ASSIGNMENT:
Copy the data exactly; pictures stay out of the copy.

Start of SUPPLIED DATA

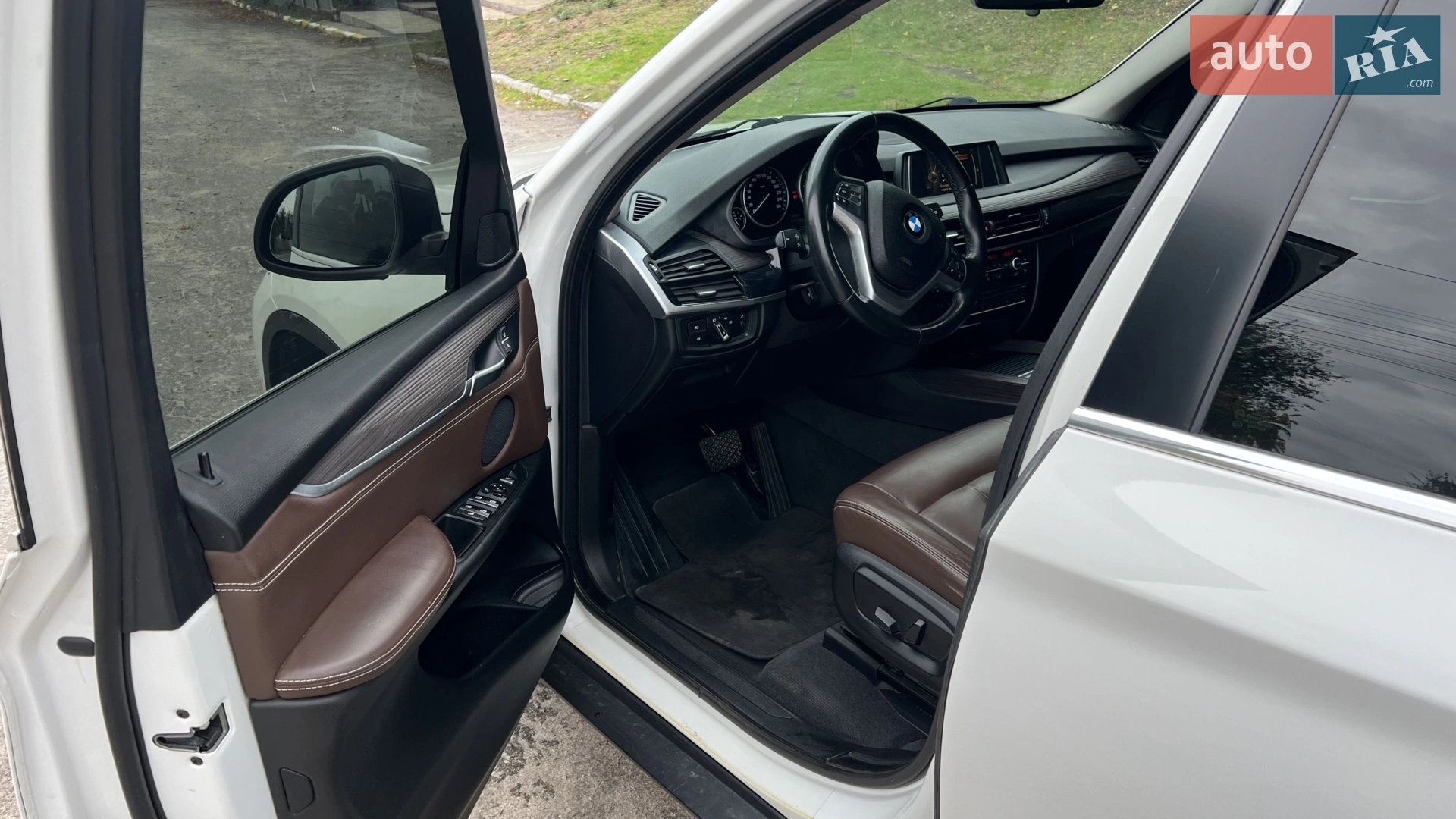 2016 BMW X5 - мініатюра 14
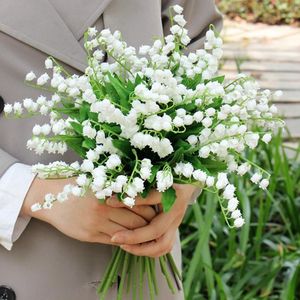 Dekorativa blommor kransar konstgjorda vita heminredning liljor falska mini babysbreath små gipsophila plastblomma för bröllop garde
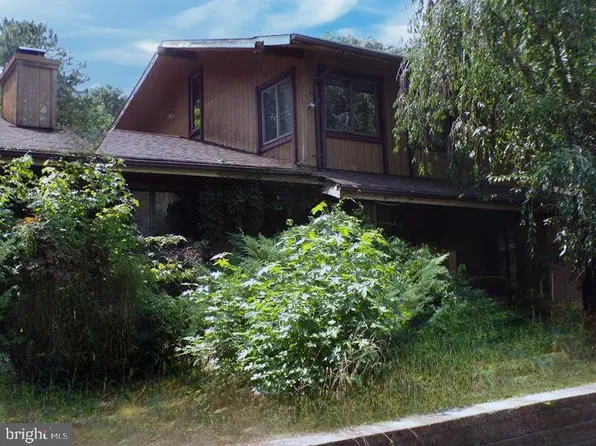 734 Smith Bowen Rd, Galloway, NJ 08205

End of SUPPLIED DATA

EXERCISE RESPONSE:
 2016 BMW X5 - мініатюра 14
 Dekorativa blommor kransar konstgjorda vita heminredning liljor falska mini babysbreath små gipsophila plastblomma för bröllop garde
 734 Smith Bowen Rd, Galloway, NJ 08205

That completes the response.